Task statement: Write out, exactly and in full, the line where "6111 Grand River" appears together with all lines that follow it in the entries below. Do not include pictures.

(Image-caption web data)
-- Opening Marker --

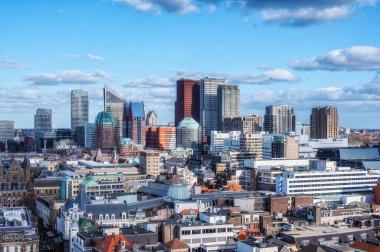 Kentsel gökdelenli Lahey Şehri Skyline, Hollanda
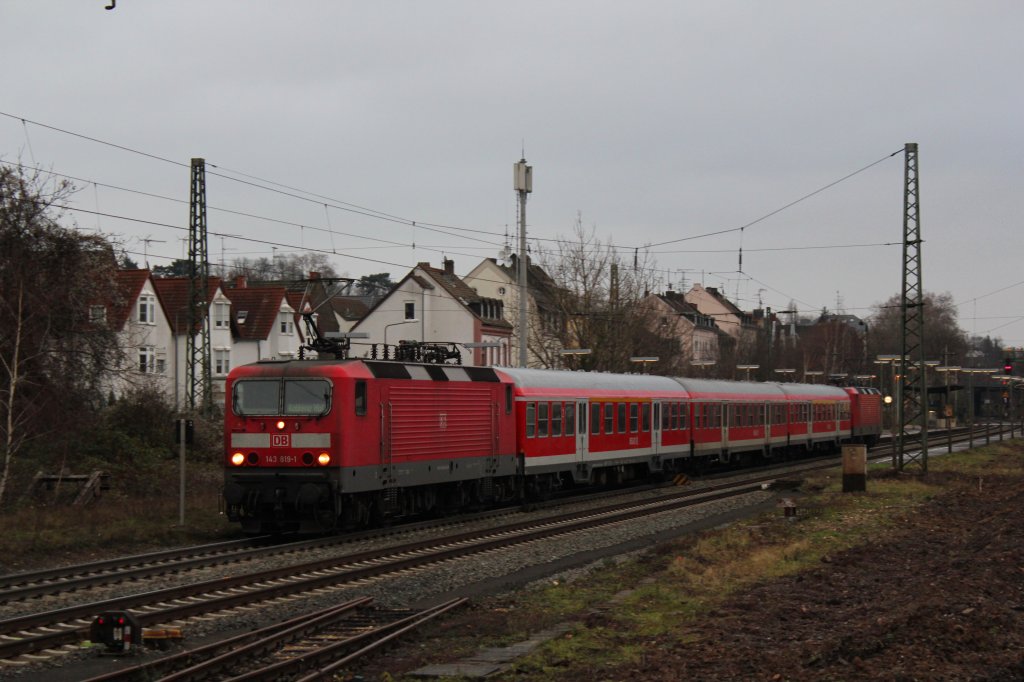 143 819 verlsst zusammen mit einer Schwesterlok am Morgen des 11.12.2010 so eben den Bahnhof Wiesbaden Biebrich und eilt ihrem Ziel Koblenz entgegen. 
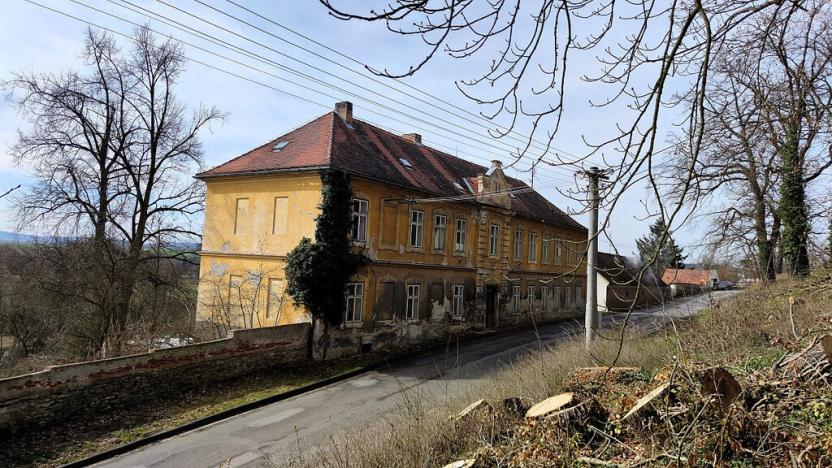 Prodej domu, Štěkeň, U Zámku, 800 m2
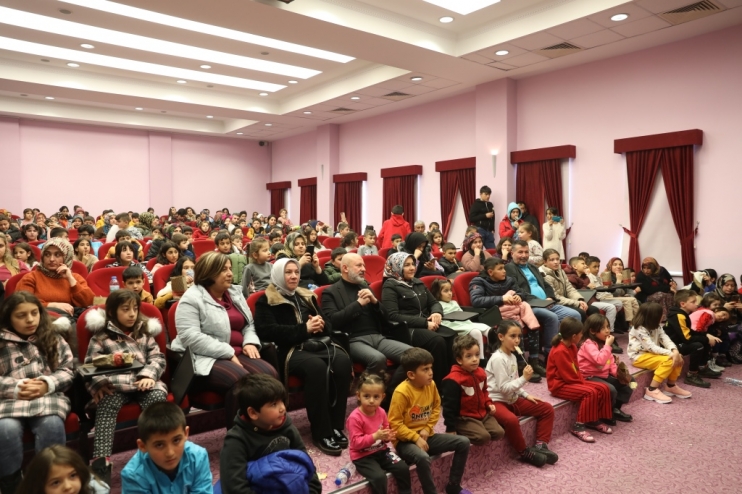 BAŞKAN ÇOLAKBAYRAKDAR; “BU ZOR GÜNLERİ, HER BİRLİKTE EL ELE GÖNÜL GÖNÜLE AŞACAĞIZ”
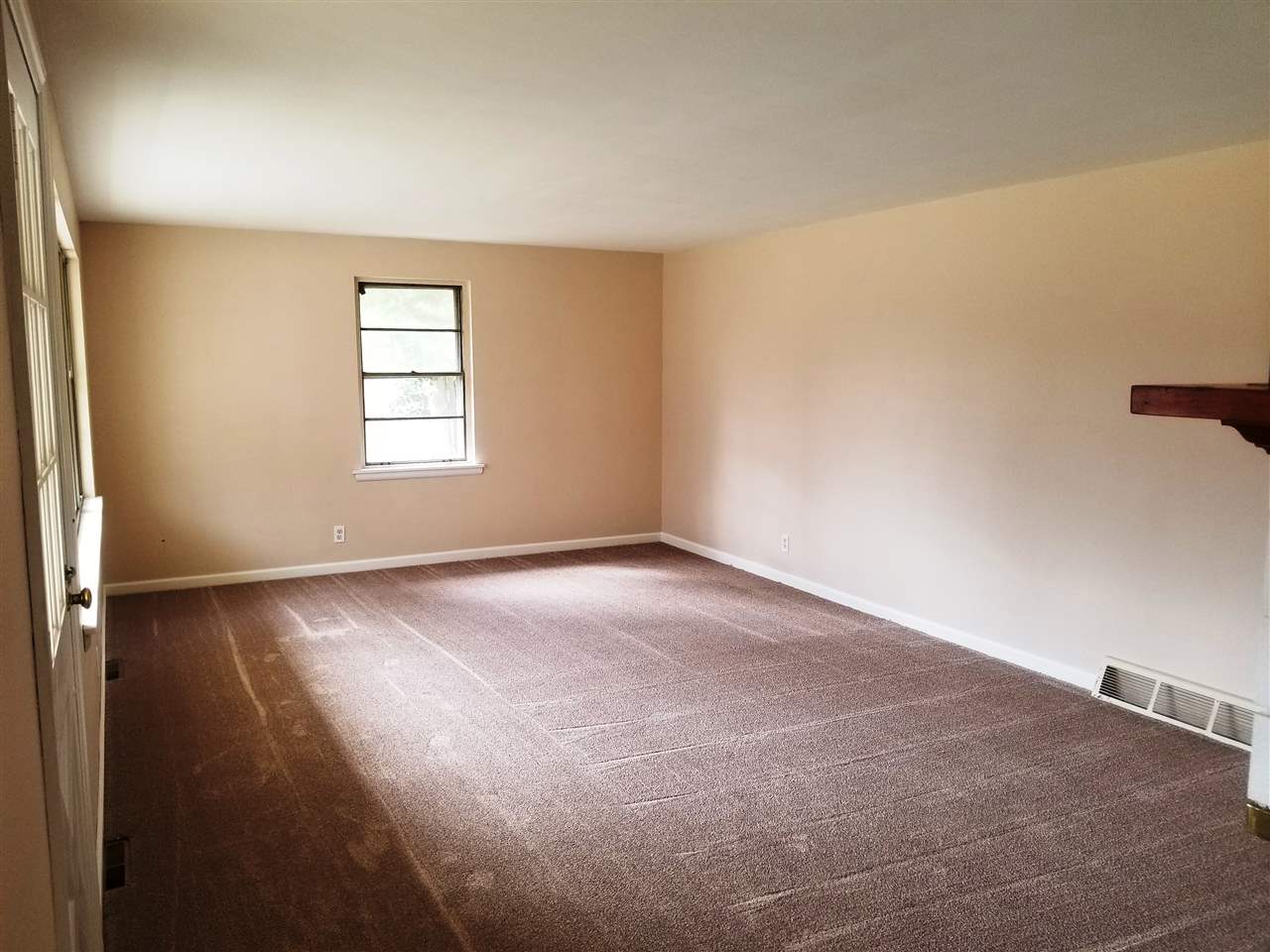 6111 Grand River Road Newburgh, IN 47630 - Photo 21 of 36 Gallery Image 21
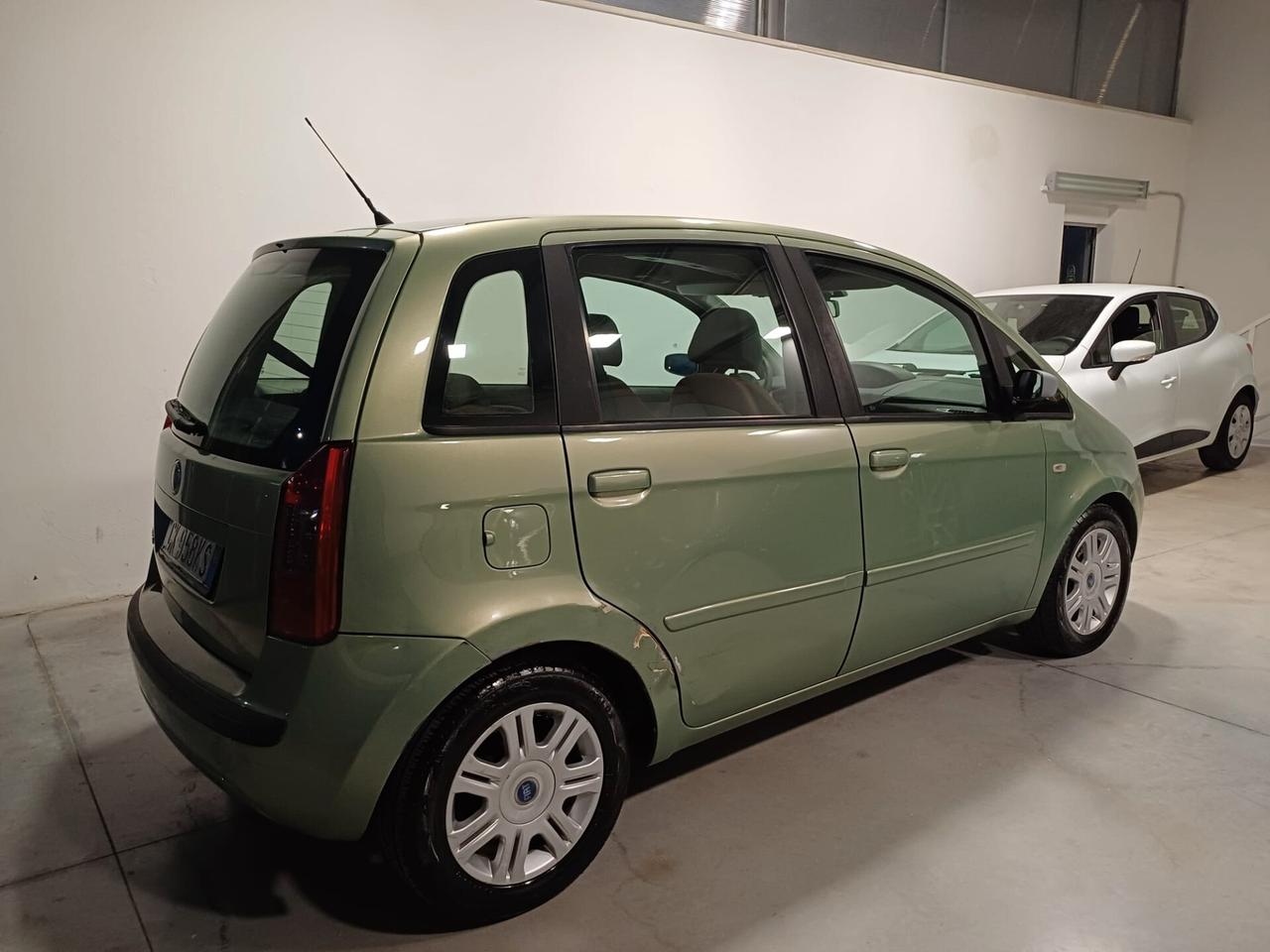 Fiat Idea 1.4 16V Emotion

-- Closing Marker --

Task solution:
 6111 Grand River Road Newburgh, IN 47630 - Photo 21 of 36 Gallery Image 21
 Fiat Idea 1.4 16V Emotion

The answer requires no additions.